Antimicrobial Resistance

Credit: Pietro Jeng, Pexels

Antimicrobial resistance (AMR) is one of the world’s most pressing public health threats. Around 700,000 people die of resistant infections every year globally (1, 2). Its onset in one country poses major health security threats regionally and globally since national borders present little barrier to the spread of antibiotic resistant infections.

AMR is driven by the rapid and uncontrolled use of antibiotics resulting in significant morbidity, mortality and costs to health systems and households around the world. In fact, between now and 2050 it is expected to cost the global economy as much as $100 trillion (1, 2).

AMR in Indonesia

According to the WHO, Southeast Asia is at the highest risk globally for the emergence and spread of AMR due to the widespread inappropriate use of antibiotics and weak systems of governance in health and agriculture (3, 4). Cross-border resistance is of growing concern in the region with healthy travellers testing positive for multi-drug-resistant colonisers (5).

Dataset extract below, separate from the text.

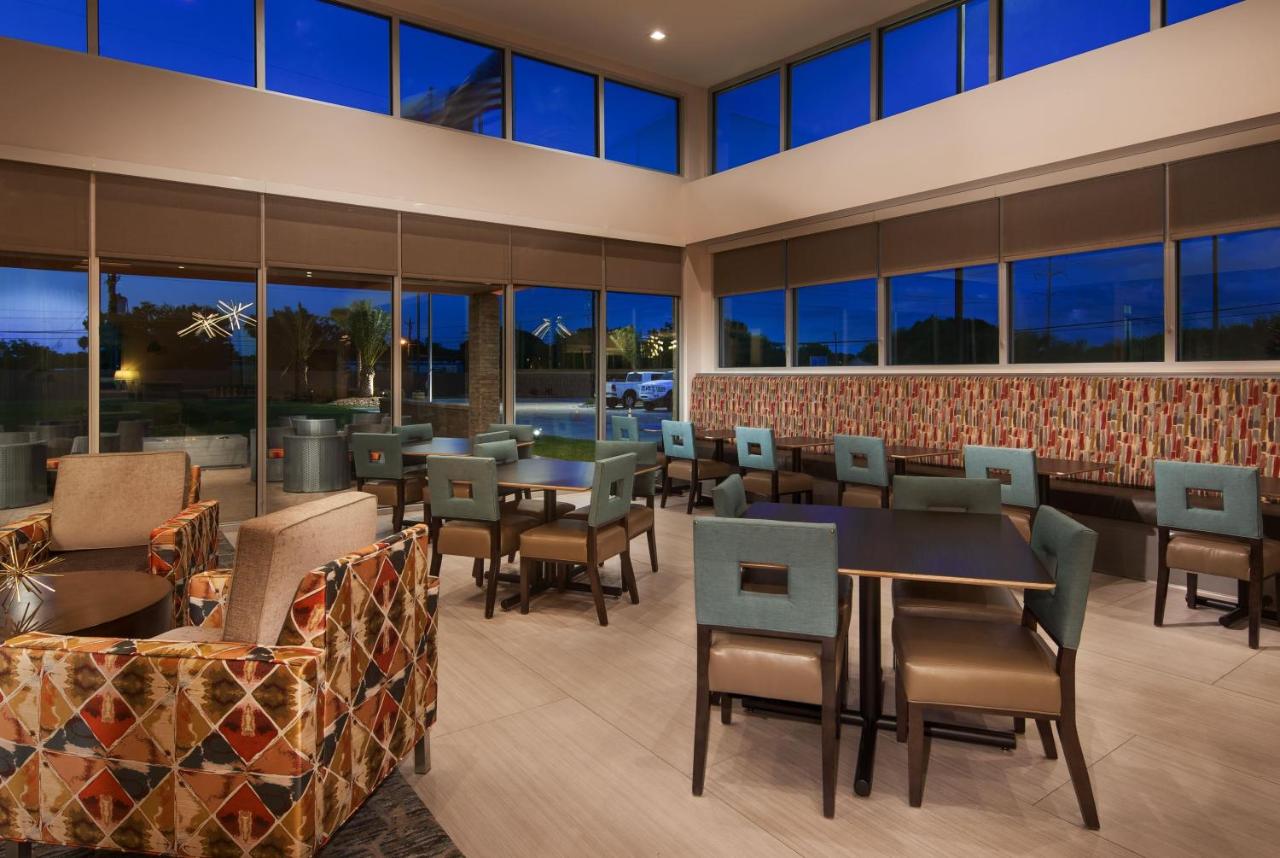 McKinzie Hotel & Suites — photo 7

In 2011, health ministers in the Southeast Asia region adopted the Jaipur Declaration on AMR, calling for comprehensive action against the irrational use of antibiotics (6). Most recently, the Berlin declaration of the G20 health ministers in May 2017 recognised the increasing threat of AMR and outlined various measures to address it (7). The region’s member states including Indonesia are implementing national action plans to tackle AMR (8).

As the largest country in the region with around 258 million people, Indonesia has a major role to play in addressing the inappropriate use of antibiotics and curtailing the threat of AMR (9-11).

The role of the private sector

The dispensing of antibiotics without a prescription by private drug sellers (PDS) is a key driver of AMR in Indonesia and elsewhere in Southeast Asia. There are approximately 134,520 PDS in Indonesia consisting of both licensed outlets (28,671 community pharmacies and 10,849 drugstores) (12) and unlicensed outlets (5,000 drug stores and 90,000 small stores) (13). Studies show that around 90% of community pharmacies currently sell oral antibiotics without a prescription (9). Despite their prominence in Indonesia’s health system, little is known about the practices of PDS and how to improve governance of this sector. The goal of the PINTAR study is to develop and test strategies to improve antibiotic dispensing by PDS in Indonesia.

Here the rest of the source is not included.